Multi-channel attribution modeling and analysis is not a one-time effort, it is something you'll do all the time. Not every day, but at least do an operational review every two weeks and a strategic review (with recommendation for changes) every month.
I want to leave with some insights from the front lines of solving the MCA-ADC, MCA-AMS, MCA-O2S challenges. Hopefully these will help you get a jump-start in your own efforts.
#1. For multi-channel attribution modeling to work, all your marketing campaigns (Search, Social, Email, Display, Affiliate, others) must be 100% tagged with campaign tracking parameters . Tag your Bing campaigns. Tag your Email campaigns. Tag your Social campaigns. Tag the campaigns your mom is running on leaflets handed out to neighbors.
#2. One of my favorite exercises is to do the above analysis based on Cost Per Acquisition, rather than just conversions. You may be getting a lot of conversions, but the CPA can kill you. Notice above I only have two CPA values. For the rest I need to upload cost data into GA for my Social, Referral, Organic Search (yes, it costs money), and Email campaigns. You do too.

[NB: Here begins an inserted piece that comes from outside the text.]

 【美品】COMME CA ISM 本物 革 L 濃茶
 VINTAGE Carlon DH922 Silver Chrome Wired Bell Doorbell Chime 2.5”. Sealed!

#3.You don't have to do attribution analysis for all your conversions in aggregate. On top of the attribution Model Comparison Tool, you'll see a drop down under the word Conversion. Click. Choose any conversion you consider to be important. You can do attribution modeling uniquely and optimize your marketing efforts just for an ecommerce transaction. Or you can do it for email subscription signups, or downloads, or videos played or anything else you consider to be important.
#4. Remember all of the above just covers Multi-Channel Analysis-All Digital Channels (MCA-ADC). There are two other, even more complex, attribution analysis scenarios: MCA-O2S and MCA-AMS. You can learn more about them here: Three Types of Multi-Channel Attribution Problems.
Don't be disheartened that all this complexity exists. Take things one step at a time. Standard Time Decay model first. Then your own Mindblowing Custom Model. Then Experimentation. Then MCA-O2S. Then MCA-AMS (it is so ironic this is harder than O2S!). With every step, you are making your company smarter. Less wrong every day.
#5. If you spend more than $10 million on advertising/marketing, it might be well worth it for you to completely skip all the attribution analysis challenges and jump to media-mix modeling by leveraging controlled experiments.
Optimize for your online media-mix at the start, then move to optimizing your online and offline media-mix. Media-mix modeling is harder and more time-consuming (hence the $10 million bar), but the payoff is huge and can be a competitive advantage.
We are done! Attribution modeling mastered! Hurray!!
As always, it's your turn now.
Are you doing any attribution modeling at the moment? What frustrates you about it? What benefits have come from your credit re-allocation efforts? Run into any organizational/ego problems with senior leaders yet? Love First Click or Linear attribution, what am I missing in my thinking? Which model is your BFF? What are two fatally flawed choices in my Mindblowing Model? What would you do differently? Has it been easy to go from analysis, end of this post, to insights to action?
Please share your feedback, critique, brilliant new ideas and radical proposals via comments.